Exercise goal - In the listing below, the lines starting with the line with "Bright and stylish" and going on through the line with "4 mm princess-cut" are to be reproduced exactly, and only those.

Exercise inputs -
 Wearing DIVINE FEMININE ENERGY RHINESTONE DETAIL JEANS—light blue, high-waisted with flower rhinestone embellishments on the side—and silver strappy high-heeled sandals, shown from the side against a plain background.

==

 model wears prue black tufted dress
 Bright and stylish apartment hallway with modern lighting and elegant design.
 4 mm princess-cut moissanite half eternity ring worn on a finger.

...

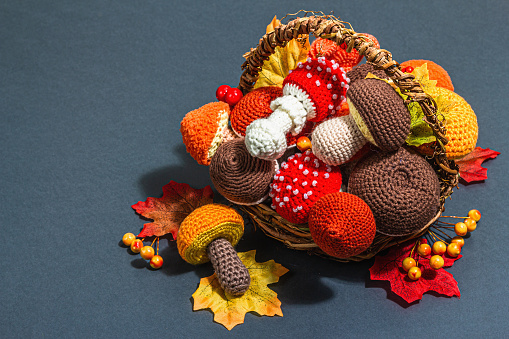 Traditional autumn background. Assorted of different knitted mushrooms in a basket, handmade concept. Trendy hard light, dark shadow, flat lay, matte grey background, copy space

Written answer -
 Bright and stylish apartment hallway with modern lighting and elegant design.
 4 mm princess-cut moissanite half eternity ring worn on a finger.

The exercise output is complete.